About this task — Your answer must be only the lines below from the one containing "Market Outlook is" through the one containing "Here we see", copied exactly, with the pictures left out.

Extracted entries —
-=-=-=-=-
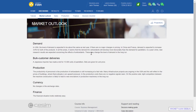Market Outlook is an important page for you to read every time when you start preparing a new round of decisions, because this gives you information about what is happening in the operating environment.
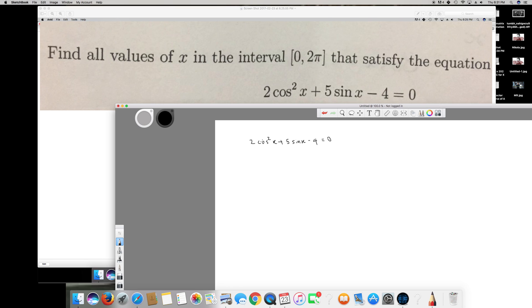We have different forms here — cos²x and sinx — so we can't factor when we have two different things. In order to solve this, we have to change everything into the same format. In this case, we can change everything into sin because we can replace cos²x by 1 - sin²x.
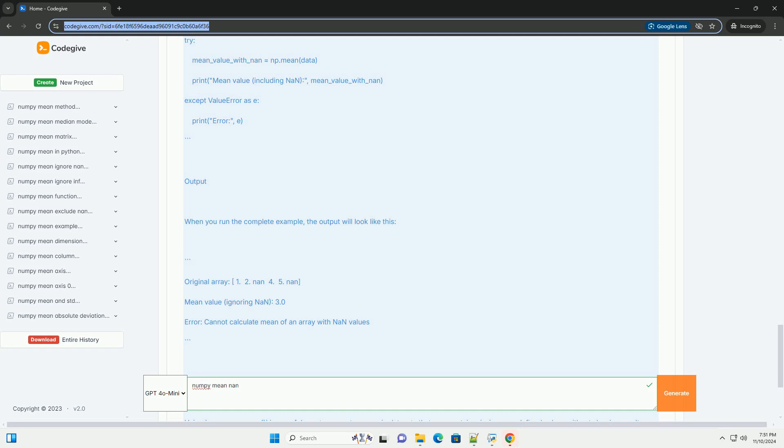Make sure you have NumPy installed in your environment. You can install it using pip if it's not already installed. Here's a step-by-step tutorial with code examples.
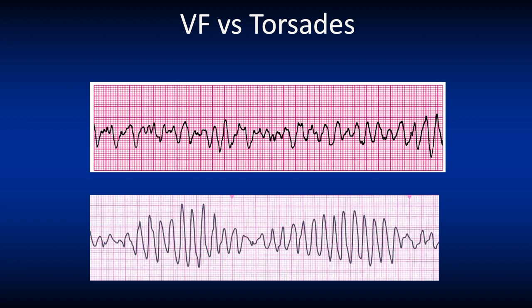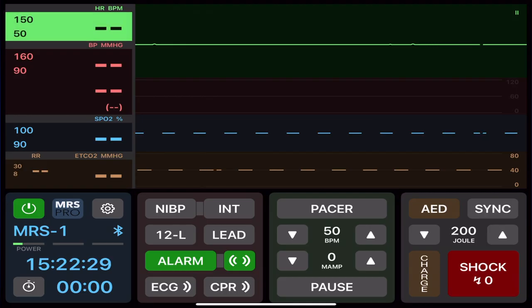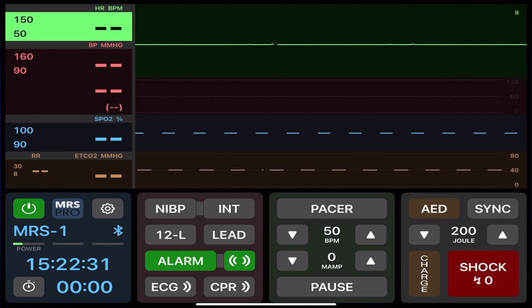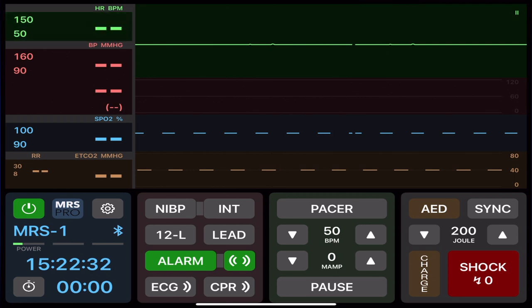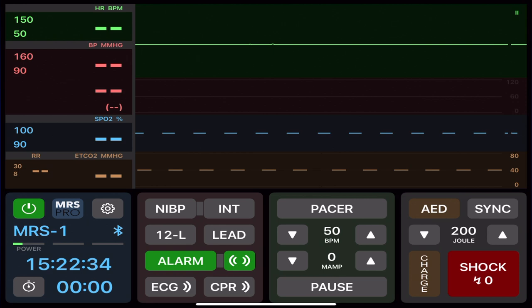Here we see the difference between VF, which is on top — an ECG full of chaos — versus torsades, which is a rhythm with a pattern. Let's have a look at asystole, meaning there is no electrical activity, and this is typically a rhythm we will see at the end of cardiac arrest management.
-=-=-=-=-
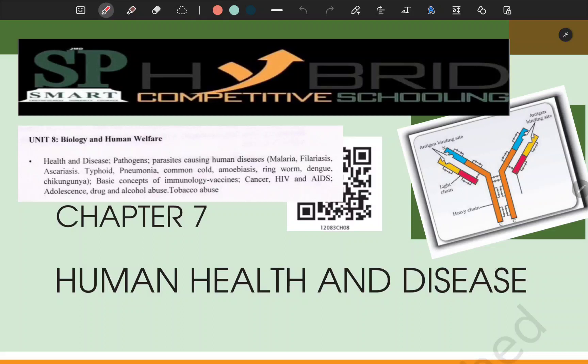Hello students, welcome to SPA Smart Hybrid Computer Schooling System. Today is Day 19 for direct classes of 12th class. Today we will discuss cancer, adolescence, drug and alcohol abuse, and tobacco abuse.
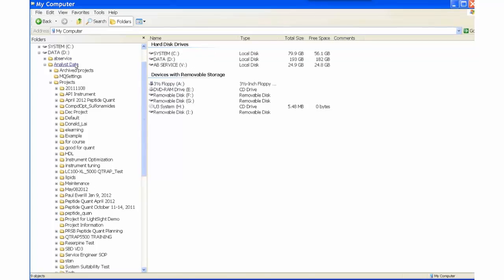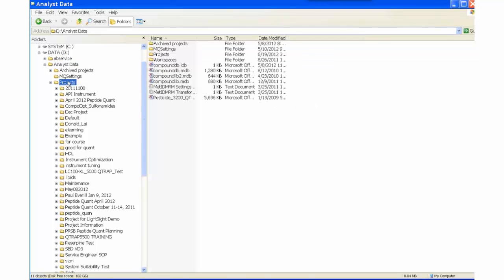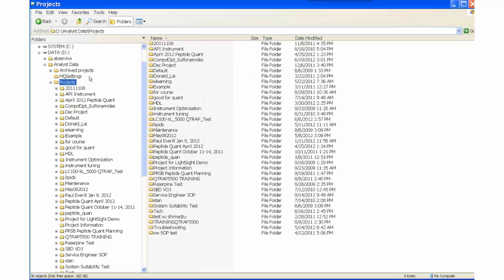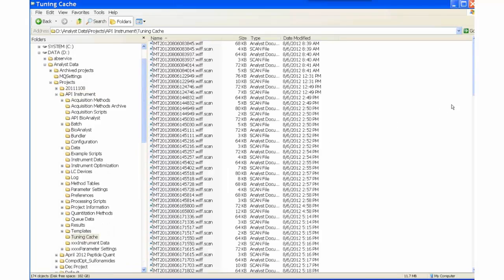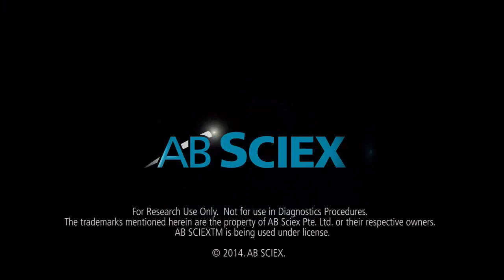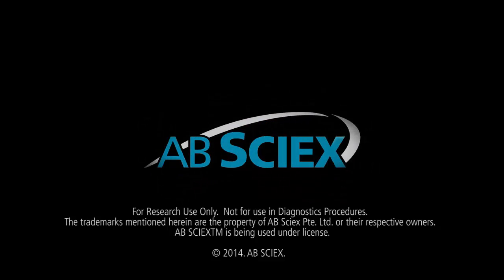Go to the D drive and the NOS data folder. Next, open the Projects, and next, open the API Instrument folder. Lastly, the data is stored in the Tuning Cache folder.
-=-=-=-=-
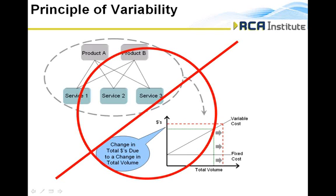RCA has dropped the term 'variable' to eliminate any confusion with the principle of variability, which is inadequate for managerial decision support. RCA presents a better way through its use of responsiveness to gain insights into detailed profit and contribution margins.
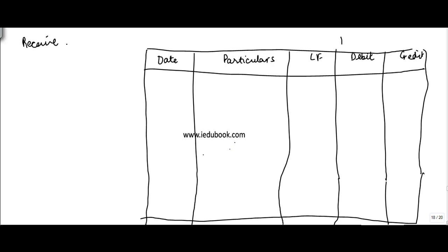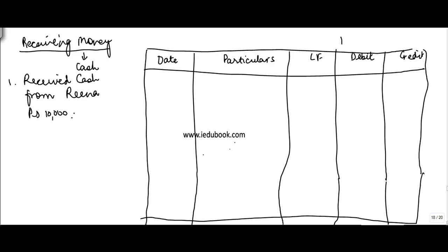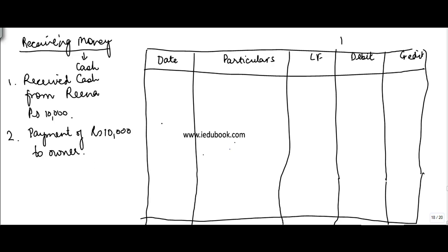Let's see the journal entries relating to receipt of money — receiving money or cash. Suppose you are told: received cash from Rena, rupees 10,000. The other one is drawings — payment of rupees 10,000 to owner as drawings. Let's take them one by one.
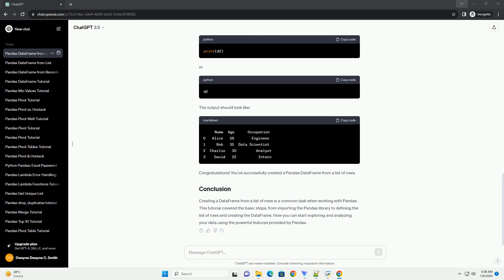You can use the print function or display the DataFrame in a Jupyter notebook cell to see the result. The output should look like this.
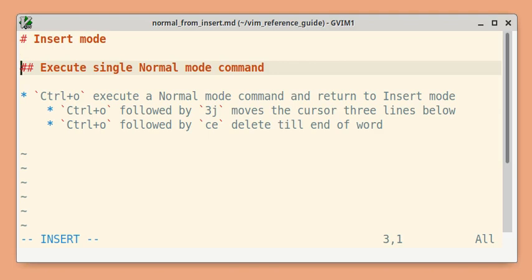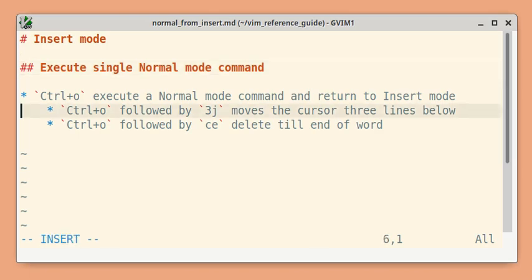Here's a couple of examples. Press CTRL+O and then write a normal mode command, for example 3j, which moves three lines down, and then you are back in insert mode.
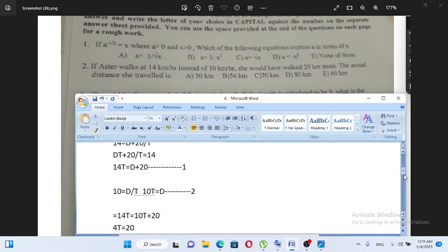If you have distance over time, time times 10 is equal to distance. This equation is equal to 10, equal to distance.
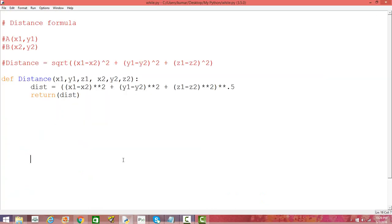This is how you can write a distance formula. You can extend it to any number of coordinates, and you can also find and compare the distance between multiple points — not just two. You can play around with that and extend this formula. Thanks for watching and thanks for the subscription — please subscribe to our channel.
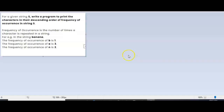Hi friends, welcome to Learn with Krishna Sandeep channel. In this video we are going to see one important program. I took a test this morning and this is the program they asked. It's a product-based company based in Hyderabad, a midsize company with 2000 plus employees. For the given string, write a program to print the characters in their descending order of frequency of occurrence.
-=-=-=-=-
Answer to the exercise —
Market Outlook is an important page for you to read every time when you start preparing a new round of decisions, because this gives you information about what is happening in the operating environment.
We have different forms here — cos²x and sinx — so we can't factor when we have two different things. In order to solve this, we have to change everything into the same format. In this case, we can change everything into sin because we can replace cos²x by 1 - sin²x.
Make sure you have NumPy installed in your environment. You can install it using pip if it's not already installed. Here's a step-by-step tutorial with code examples.
Here we see the difference between VF, which is on top — an ECG full of chaos — versus torsades, which is a rhythm with a pattern. Let's have a look at asystole, meaning there is no electrical activity, and this is typically a rhythm we will see at the end of cardiac arrest management.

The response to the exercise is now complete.